The year was 1988. The Cincinnati Bengals were in the midst of a season that would take them to Super Bowl XXIII in Miami. Their first opponent on that road would be the AFC West Champion Seattle Seahawks coached by the legendary Chuck Knox.
The Bengals had become famous throughout the league for head coach Sam Wyche's "Attack Offense" in which the offense operated in a "two-minute" mode throughout the contest, especially on third down. Although commonplace today, Wyche's offensive wrinkle was frustrating to teams accustomed to substituting personnel based on down and distance. Wyche was the first to realize that by not huddling, the offense could cause the defense to keep their base personnel on the field every down and thus dictate the matchups.
Enter Joe Nash. Chuck Knox employed his nose tackles, Nash and Ken Clarke to fall down and grab their knees when the Seahawks needed to change personnel. The Seahawks worked it well, replete with trainers coming onto the field and an actual examination. Bengals head coach Sam Wyche was not fooled. In the clip linked below, he informs the side judge who has just pleaded innocent to Seattle's shenanigans by saying, "I'm not a doctor." Sam's reply: "I'll give you a clue. He only does that on third down, you'll have your MD by the end of the night."
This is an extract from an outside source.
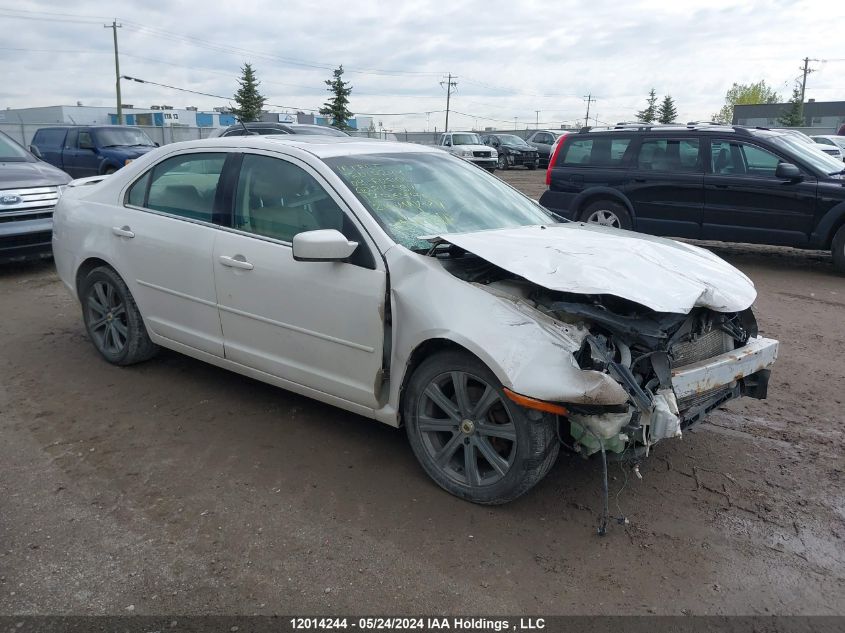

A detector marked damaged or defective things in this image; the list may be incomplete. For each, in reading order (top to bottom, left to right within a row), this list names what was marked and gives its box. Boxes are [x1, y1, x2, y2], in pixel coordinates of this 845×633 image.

wrecked white sedan [52, 136, 780, 506]
damaged hood [432, 222, 756, 314]
vehicle damage [422, 225, 780, 532]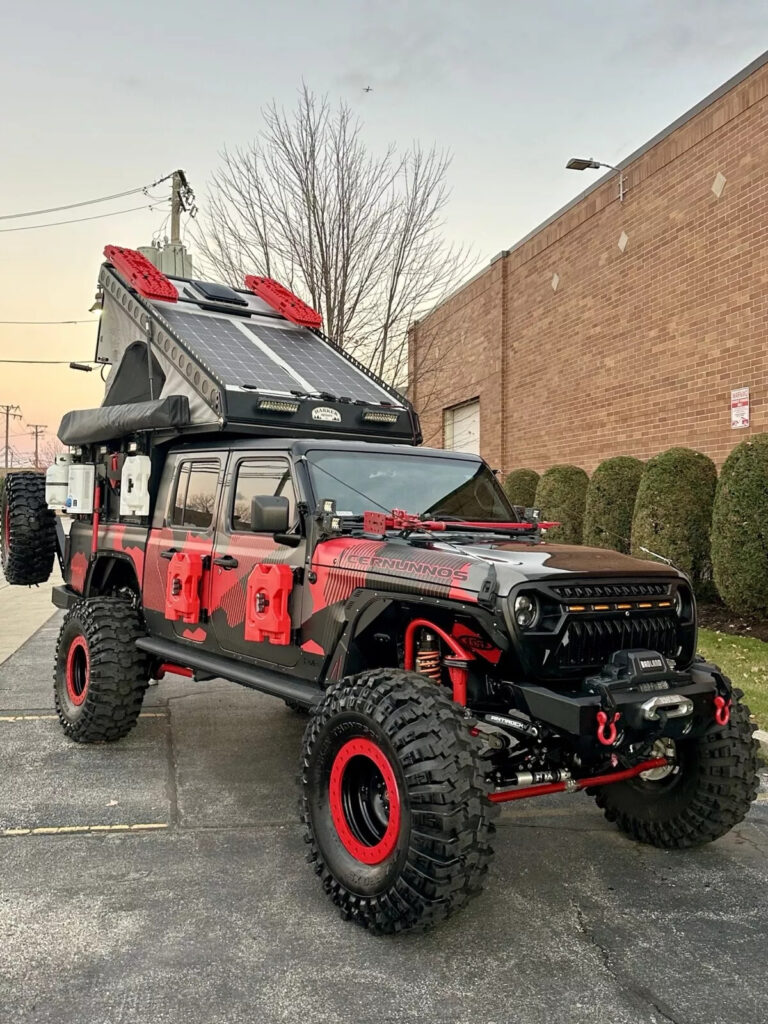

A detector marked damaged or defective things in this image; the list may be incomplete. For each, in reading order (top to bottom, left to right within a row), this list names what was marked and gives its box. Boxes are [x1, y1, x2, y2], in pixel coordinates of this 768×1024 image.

NFL Films documented Seattle's infamous strategy. Bengals and Seahawks fans alike will appreciate a look back at this game as will sports fans in general who might enjoy remembering a younger Bob Costas and Don Shula discussing the controversy early on with the "no-huddle" offense and the legendary NBC announcing tandem of Dick Enberg and the late Merlin Olsen.
Ultimately, the ploy didn't work and the Bengals went on to win the game 21-13. Wyche's no-huddle attack is now a part of many NFL teams' offensive packages, and as the Giants showed earlier this year, so is Joe Nash's "trick knee."